Actually, one big difference between curriculum and software in this regard is that there is no curricular equivalent of Richard Stallman. He modeled the free software process so extensively and obsessively, decades before anyone cared, that certain non-obvious practices took hold long, long before they would have otherwise.
In other words, in software you had the equivalent of someone writing a what became and still is a standard high school algebra text as an open content project back in the 80’s, pretty much just out of force of will.
Stephanie
June 8, 2016 - 12:10 pm -Also worth considering.. the order in which some ideas are presented to students can be deeply personal. And if one lesson assumes certain prerequisite knowledge.. I can’t use it without the entire curriculum.
As a secondary teacher, I want a site where I can search and find lessons to select cafeteria-style.
Alan Morton
June 8, 2016 - 12:16 pm -Is it perhaps an issue of granularity? Lessons are larger than, say, activities, so would it be more useful to have a repository of smaller, more simple activities that could be combined to make a lesson? Or is that just semantics? I’m from Scotland, you see…
Beth
June 8, 2016 - 12:39 pm -I agree with other comments. Part of it is semantics – we can’t use other’s lesson plans easily. Each of us has enough differences in our classrooms, school expectations, curriculum, that following another plan is difficult.
But having a repository of the “best” problems, good practice activities, illustrations/explanations of hard to teach concepts that have worked in someone else’s classroom … cafeteria style as Stephanie noted would be wonderful.
As it is now, I go to various virtual filing cabinets, check another site for 3-Act tasks, yet another for Desmos activities, and I definitely hit the MTBoS search engine.
If in that repository we had an example of how an activity was used, in what context, who to contact to chat a bit … that would be awesome!
Chris Lusto
June 8, 2016 - 12:56 pm -A couple responses to comments:
First, having kids with “their own unique desires, needs, interests, and background” seems like an argument *in favor* of having some systematic way to manage curricular modifications. To be clear, I don’t want to keep 3D scans of children in repos.

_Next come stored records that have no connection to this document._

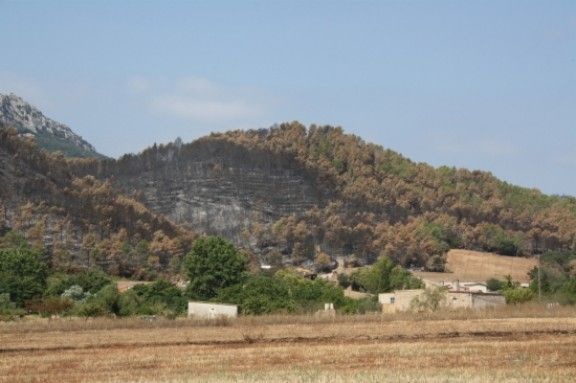 Contrastos al paisatge altempordanès després dels incendis, com el d'aquest bosc cremat a Boadella al costat d'una zona que ha quedat intacta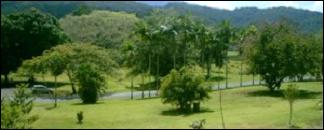 View of the park below the verandah of Daintree River Lodge rooms.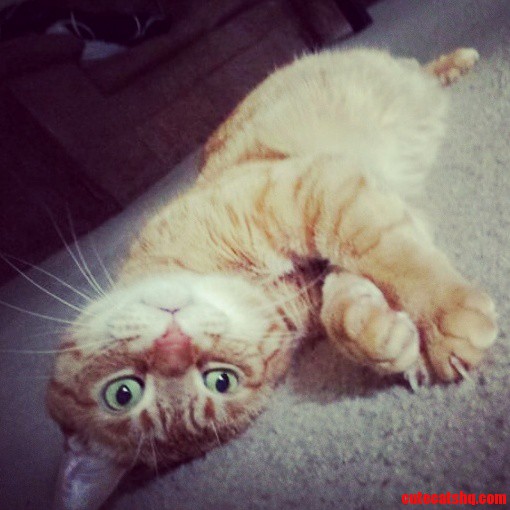 Meet Garfield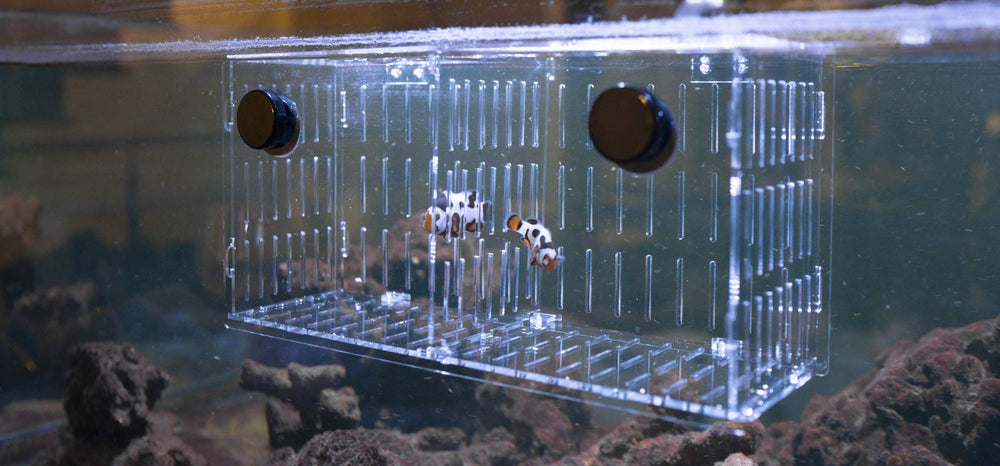 Reefing Art cloisons ajustables montrant modularité et polyvalence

Now to try to back myself well out of the techno-utopian camp:
I don’t think that tech generally dissolves problems by its presence in a strategy. I do think that a problem on the scale of managing curricular resources for more than one person (and maybe even *only* for one person) probably admits a technological component that helps the logistics of a human endeavor. So why not think about what a well suited technological component might look like? I certainly don’t know, but I find community-based models compelling, because teaching can feel so very, very lonely. Maybe that says more about me than about resources or tooling.
Jo
June 8, 2016 - 1:10 pm -The hardest thing about elementary math is that most elementary teachers go into teaching because they love reading and they want to share that. They rarely feel that way about math. So, they want a guided lesson that will teach the requisite skills. Unfortunately, it doesn’t work for them any better than it works for secondary teachers.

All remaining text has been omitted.